Select the Deep Link URL in New Relic to see more details about the root cause report in Zebrium.

As shown in the previous image, you can dive into the Zebrium UI for the root cause report. Approximately one million log lines were generated during the incident time window. The report highlights 46 lines from 7 different services, and no manual model training or rules were required to find these log lines. A quick review of the report reveals:

  • An English language NLP summary that gives a good sense of the problem: “The Chaos Monkey was trying to create an order.”
  • A word cloud showing “pod-network-corruption” and some other relevant words.
  • Log lines that provide descriptions of the root cause.

Zebrium uses statistical machine learning to analyze logs in real time. The machine learning model is based on the process a skilled engineer uses to search through logs when troubleshooting.

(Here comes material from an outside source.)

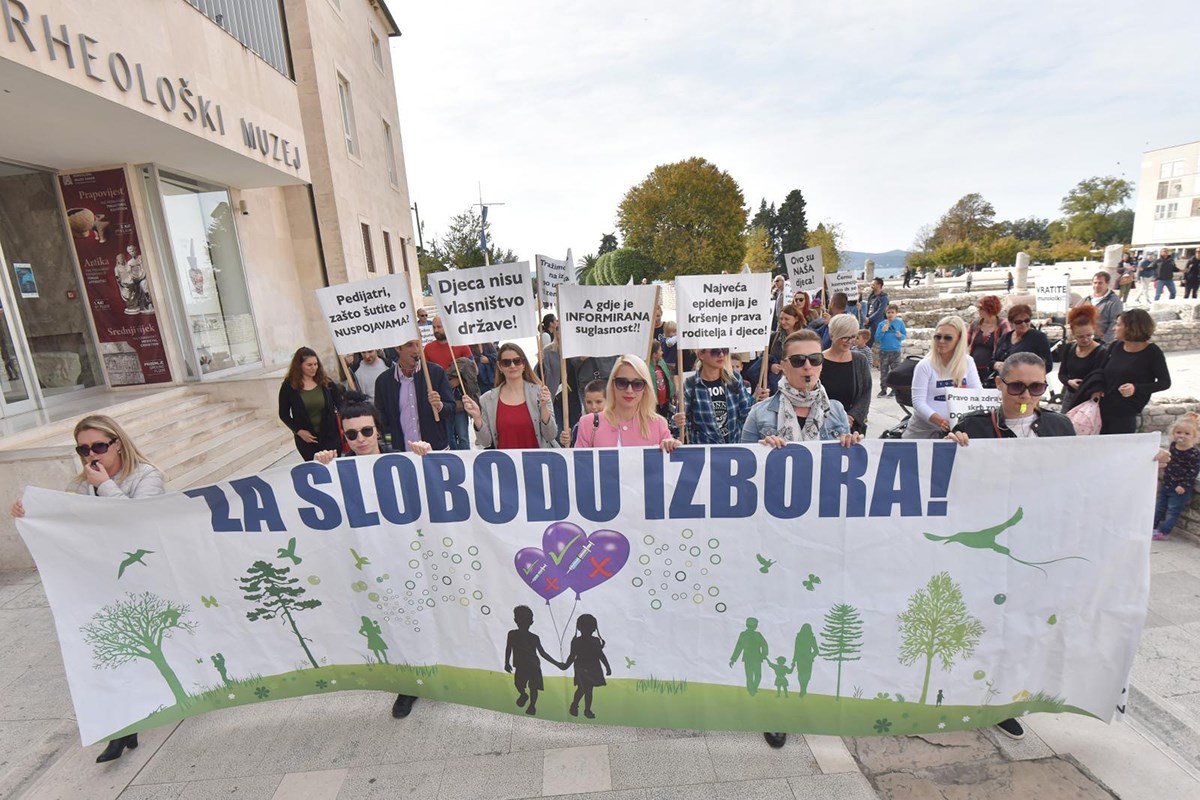 U Zadru jedva četrdesetak ljudi prosvjedovalo protiv cijepljenja, ravnatelj bolnice objasnio zašto su u krivu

In simple terms, this typically involves searching for errors around the time an issue occurs and then searching all logs around that time period to find any rare or unexpected events that explain the problem. 

How to get started with automated root cause identification in minutes

To start viewing root causes from Zebrium events automatically in New Relic, watch the following video or follow the steps listed after the video. The whole setup process should take about 15 minutes.

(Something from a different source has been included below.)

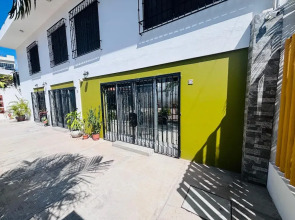 Meson del Capitan Apartments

  1. Set up your accounts. You need to have New Relic and Zebrium accounts to use the integration. You can get started for free.
  2. Install a log collector to stream your logs to Zebrium. Read more about the supported collectors and how to install them.
  3. Retrieve your New Relic API key. Go to API keys in New Relic. Select Create a key. Choose your account and note the Account Id. Select Ingest - License as the Key type. Enter a name and notes for the API key, then select Create a key. Select the three dots next to your new key and select Copy key to save it for later.
  4. Enable the integration in Zebrium. Go to the User menu in Zebrium, select Integrations & Collectors, and select New Relic under the Observability Dashboards section. Select the General tab and enter an integration name. Select the Deployment for the integration, select Service Group(s), and then select the Send Detections tab. Select Enabled, and enter the Account Id and API key from the previous step. Then select Save.
  5. Visualize your data with the quickstart. After you’ve enabled the integration to send detections from Zebrium to New Relic, install the quickstart to get a curated dashboard. Go to the Zebrium Root Cause as a Service quickstart in New Relic I/O, select the Install Now button, and follow the guided installation process.

After you are finished, you automatically get a curated sample dashboard in New Relic where you can view detections and their root causes. You can also copy the sample charts into any other New Relic dashboard for a customized view.

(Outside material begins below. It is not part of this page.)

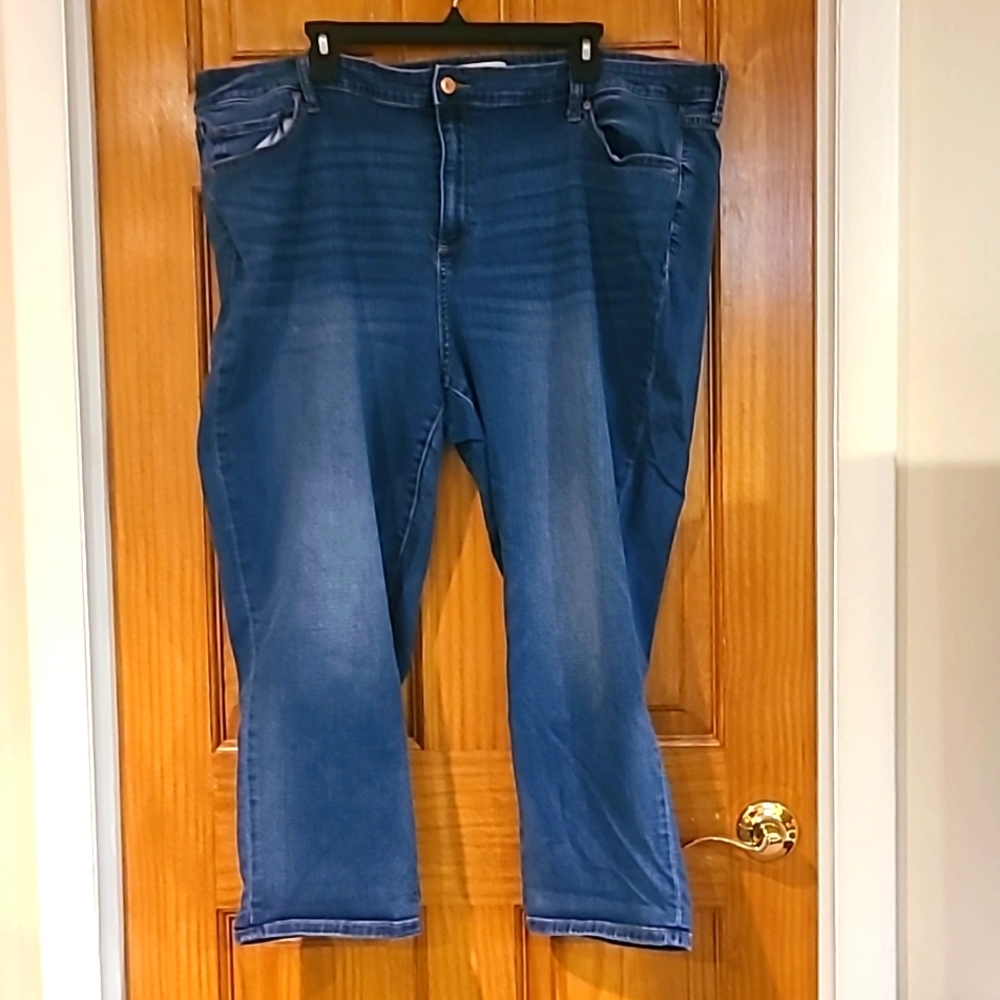 Sonoma 22w Capri jeans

Get a pre-built dashboard by installing the Zebrium Root Cause as a Service quickstart from New Relic I/O.

The next time you have to deal with a P1 incident, you can automatically see what happened directly in your New Relic dashboards. Zebrium Root Cause as a Service (RCaaS) can be set up in minutes and achieves correlation accuracy within 24 hours without any rules or manual training. Find the root cause faster and never dig through logs again.